Film critic Roger Ebert is spitting mad at a “retelling” of The Great Gatsby that scrubs away the novel’s poetry and lyricism to produce a simplified version for “intermediate level” readers. Here’s the conclusion of F. Scott’s Fitzgerald’s novel:
“Most of the big shore places were closed now and there were hardly any lights except the shadowy, moving glow of a ferryboat across the Sound. And as the moon rose higher the inessential houses began to melt away until gradually I became aware of the old island here that flowered once for Dutch sailors’ eyes–a fresh, green breast of the new world. Its vanished trees, the trees that had made way for Gatsby’s house, had once pandered in whispers to the last and greatest of all human dreams; for a transitory enchanted moment man must have held his breath in the presence of this continent, compelled into an æsthetic contemplation he neither understood nor desired, face to face for the last time in history with something commensurate to his capacity for wonder.

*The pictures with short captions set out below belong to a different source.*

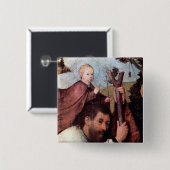 St. Christopher, detail 2 knoop Vierkante Button 5,1 Cm (Voorkant /achterkant)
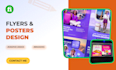 design your flyers and social media visuals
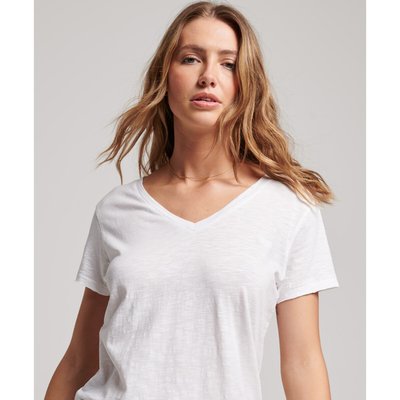 T-shirt uni col V SUPERDRY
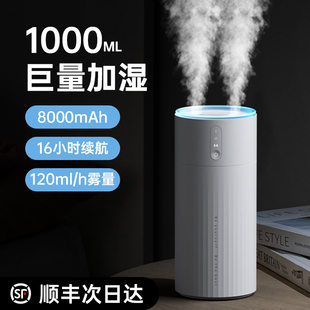 无 几素加湿器小型办公室桌面卧室宿舍学生家用室内孕妇婴儿便携式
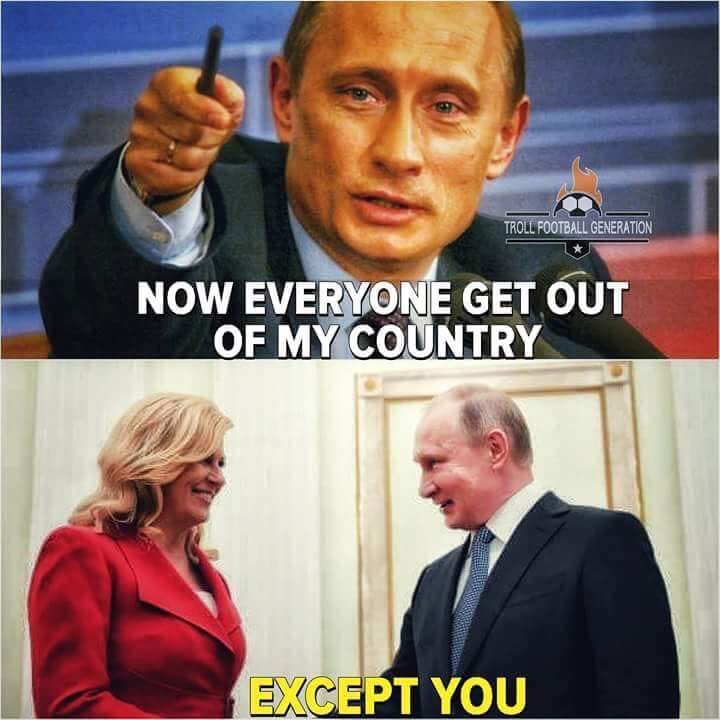 Savage meme - vladimir putin - Troll Football Generation Now Everyone Get Out Of My Country Except You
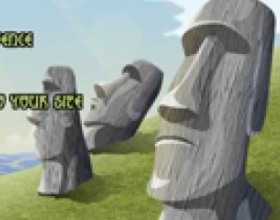 Easter Island TD - Каменные головы испокон веков защищают Остров Пасхи от нежеланных гостей, будь то войны, летающие рыбы или другие существа. Расставь истуканов вдоль дорог, чтобы ни один враг не смог пройти мимо. За каждого убитого неприятеля добавляются деньги, на которые можно купить дополнительные глыбы. P.S. В этой игре "каменную башку" можно не только купить, но и продать.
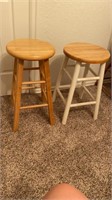 (2) Wooden Stools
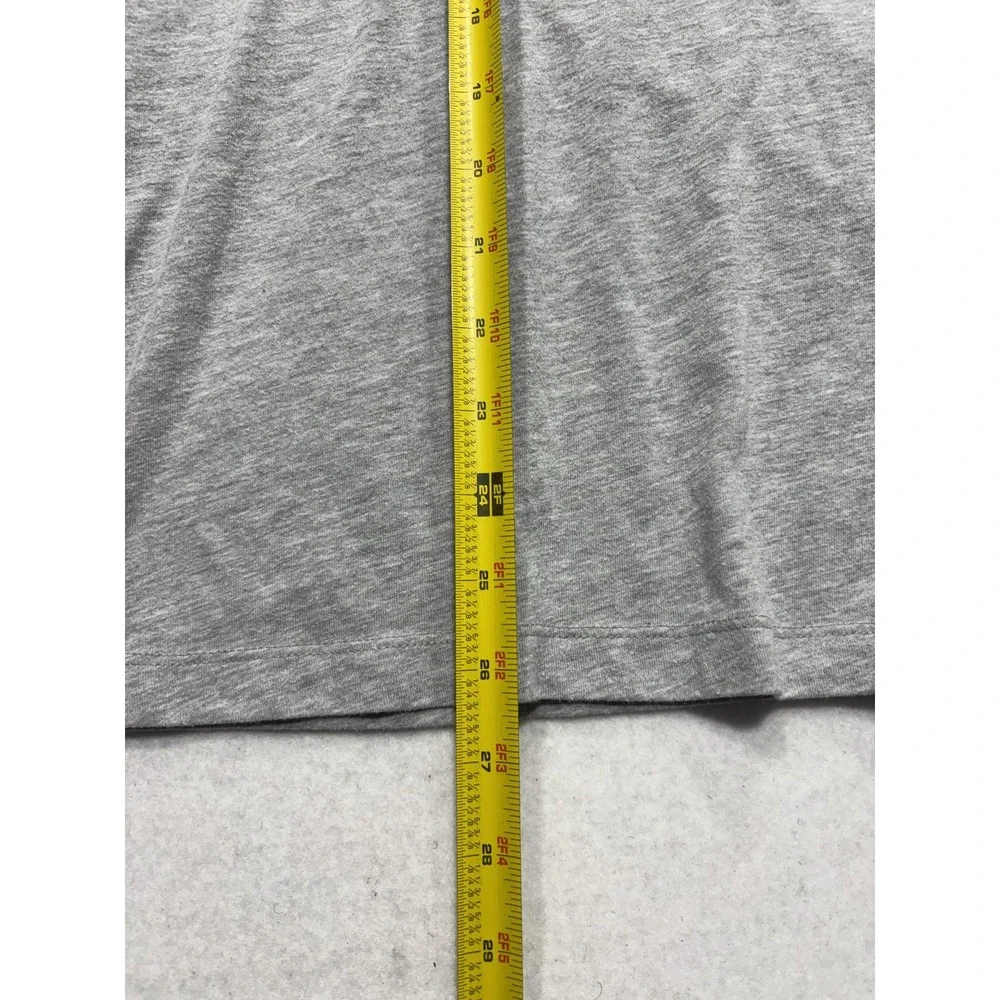 Michael Kors Shirt Mens Large Gray MK Logo Graphic Long Sleeve Crewneck Tee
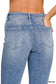 Medium Wash Cropped Straight Leg Denim Jeans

“And as I sat there, brooding on the old unknown world, I thought of Gatsby’s wonder when he first picked out the green light at the end of Daisy’s dock. He had come a long way to this blue lawn and his dream must have seemed so close that he could hardly fail to grasp it. He did not know that it was already behind him, somewhere back in that vast obscurity beyond the city, where the dark fields of the republic rolled on under the night.
“Gatsby believed in the green light, the orgastic future that year by year recedes before us. It eluded us then, but that’s no matter–tomorrow we will run faster, stretch out our arms farther. . . . And one fine morning—-
So we beat on, boats against the current, borne back ceaselessly into the past.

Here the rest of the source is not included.